Film opowiada historię grupy żeglarzy, którzy po katastrofie jachtu zostają zdani na łaskę oceanu i muszą walczyć o przetrwanie w ekstremalnych warunkach. To materiał, który sam w sobie ma ogromny potencjał, oceaniczny survival to przecież temat nośny, pełen dramatyzmu i emocji. Niestety w tym przypadku potencjał został w dużej mierze zmarnowany, a film zamiast porwać, zwyczajnie nuży.
Największym problemem „Abandoned” jest jego tempo. Zamiast napięcia i eskalacji dramatycznych wydarzeń, dostajemy powtarzalne sceny: bohaterowie kłócą się, czekają, zerkają w pusty horyzont i próbują zachować nadzieję. Owszem, takie sytuacje oddają monotonię prawdziwego dryfowania na oceanie, ale przeniesione na ekran stają się męczące dla widza. Film nie oferuje wyraźnych punktów kulminacyjnych, brakuje naprawdę mocnych scen, które na chwilę wyrwałyby widza z marazmu i przypomniały, że oglądamy dramat o życiu i śmierci.
Postacie również pozostają mało angażujące. Aktorzy starają się, ale ich role są jednowymiarowe, przez co trudno autentycznie się z nimi zżyć czy im kibicować. Konflikty, które pojawiają się między bohaterami, nie są wystarczająco pogłębione, zamiast dramatów wewnętrznych, mamy raczej powierzchowne sprzeczki i drobne spięcia. To sprawia, że filmowi brakuje psychologicznej głębi, która w takich historiach jest kluczowa.

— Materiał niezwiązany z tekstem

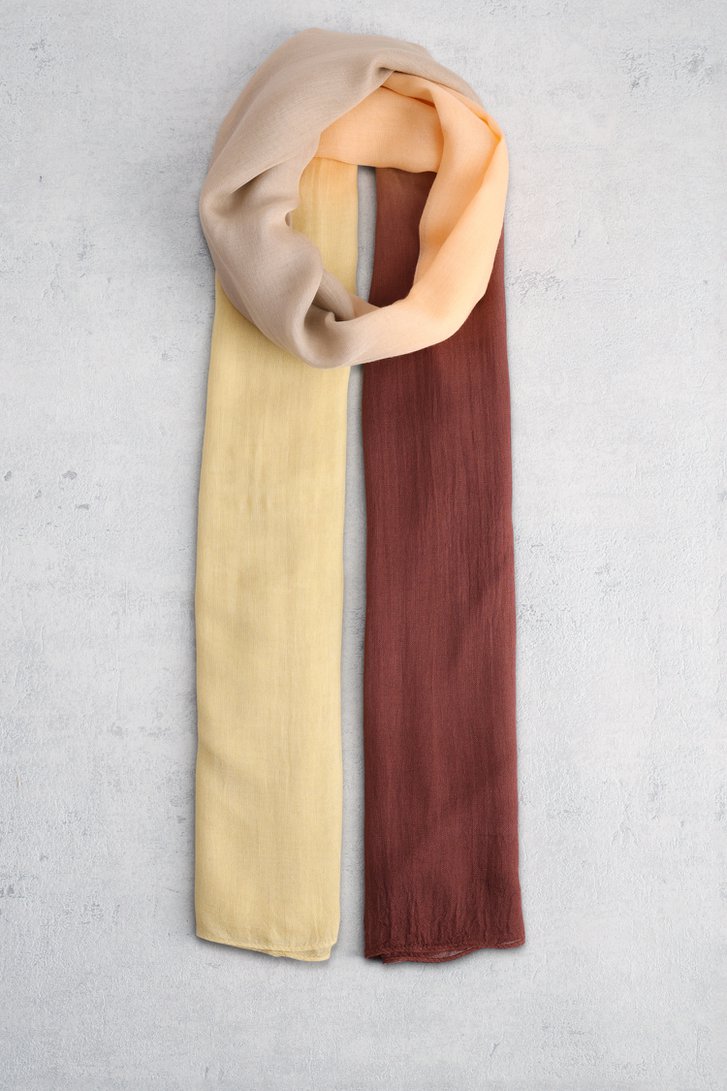 Voorkant van Multicolor sjaal met ombré-effect door D'Auvry voor Dames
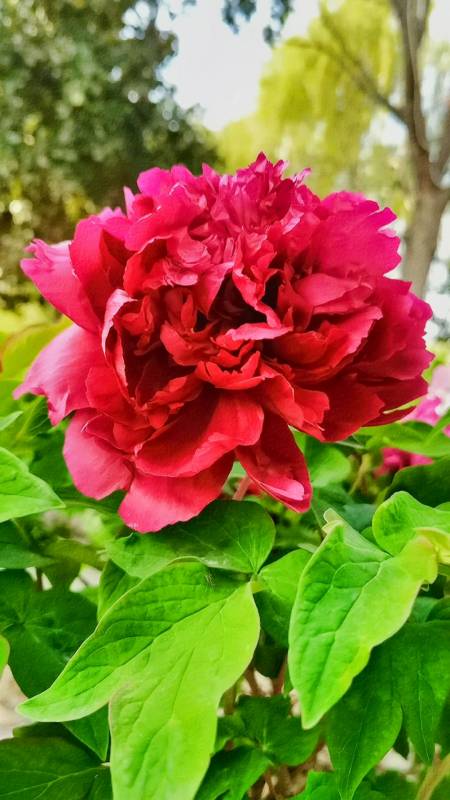 再来认识一个黑色品种乌金耀辉-度小视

„Abandoned” jest więc filmem, który chciał być dramatem o sile człowieka i bezwzględności natury, ale finalnie wyszedł raczej jak telewizyjny dramat dokumentalny, zbyt wierny faktom, a zbyt mało filmowy. Nie ma tu iskry, nie ma emocji, które przykuwałyby uwagę. Seans da się obejrzeć, jeśli ktoś lubi historie oparte na faktach, ale trudno o jakiekolwiek większe wrażenia.